I guess spending TIME with D12, or maybe not breaking up her family, or supporting them instead of being reckless is not an option. Better to pray and use crystals. I wonder when she's going to have D12 sleep with a rock under her pillow?
D12 is home sick today. All last week she was fine during spring break. W was home last evening and got on D12 for not cleaning her room, not doing her laundry, not reading her book for her book report, etc, etc.
As far as myself, I am struggling with the idea of "handing it over to God, handing her over to God." Not sure how it's done, but I am trying.
Mostly you just get tired, Frank.
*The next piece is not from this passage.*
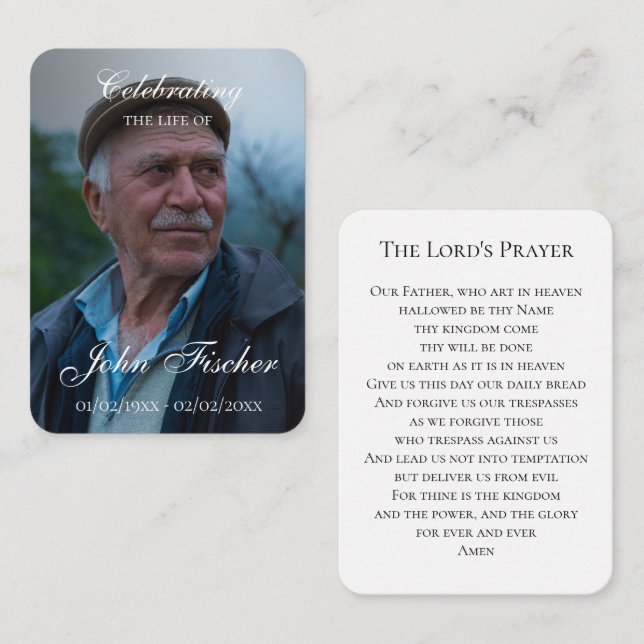 Religious funeral Keepsake photo Prayer card Mitteilungskarte (Vorne/Hinten)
Sick and tired. And you finally realize that no matter how many rocks you turn over, whatever's underneath them still won't change a thing.
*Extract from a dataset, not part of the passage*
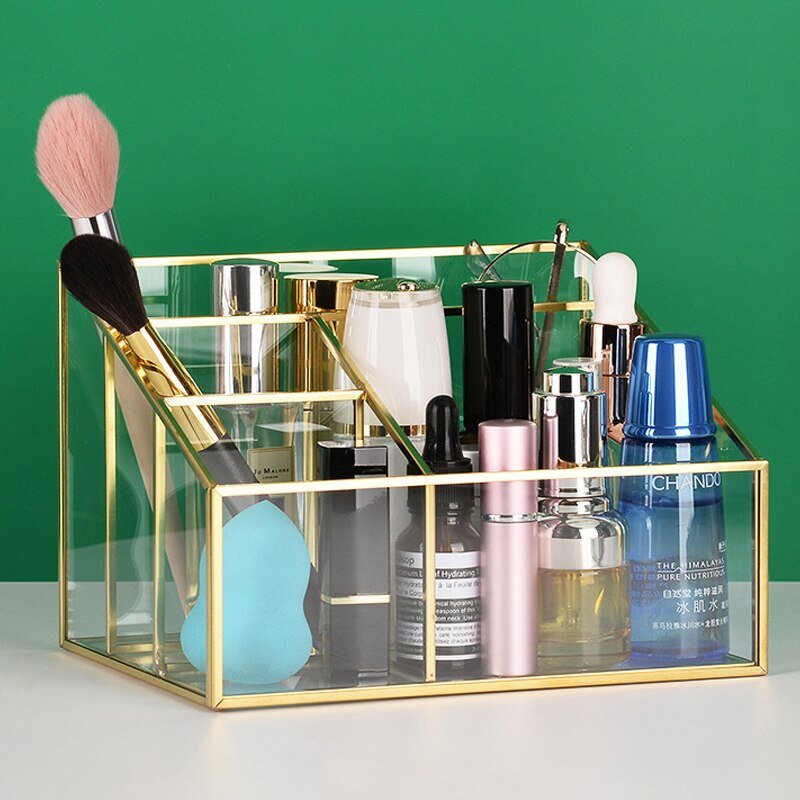 Make-up-organisator i transparent glas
You just have to get sick and tired basically of believing that YOU can change this in ANY way...only then will you really leave your family in His hands.
Mostly you just get tired, Frank. Sick and tired. And you finally realize that no matter how many rocks you turn over, whatever's underneath them still won't change a thing.
You just have to get sick and tired basically of believing that YOU can change this in ANY way...only then will you really leave your family in His hands.
Frank, God doesn't mind if you exhaust yourself in these futile efforts. Because eventually you'll be flat on your back with nowhere left to look but UP!
As we have discussed, trusting and "handing it over" to God is a life-long process.
It's not easy. I struggle with this daily.
Here's how you can start. Begin from the very beginning.
I think, Frank, you need to get out of your house for about 3 hours by yourself, when the girls are in school. Find a place where you can be alone. God is everyhwere, but sometimes, a specific location can seem more numinous. Try a Catholic Church since they are usually open and quiet during the day. Maybe try a mountain.
Sit, try kneeling if you can handle it.
Acknowledge God's presence.
Hold you hands out and tell God you are handing him your 2 daughters and your wife. Name them.
Then tell God you are trusting him with your own life.
Let him you are at your wit's end.
Admit you can't fix it.
Ask for his forgivness for all the ways you honestly believed you have hurt yourself, your wife and your daughters.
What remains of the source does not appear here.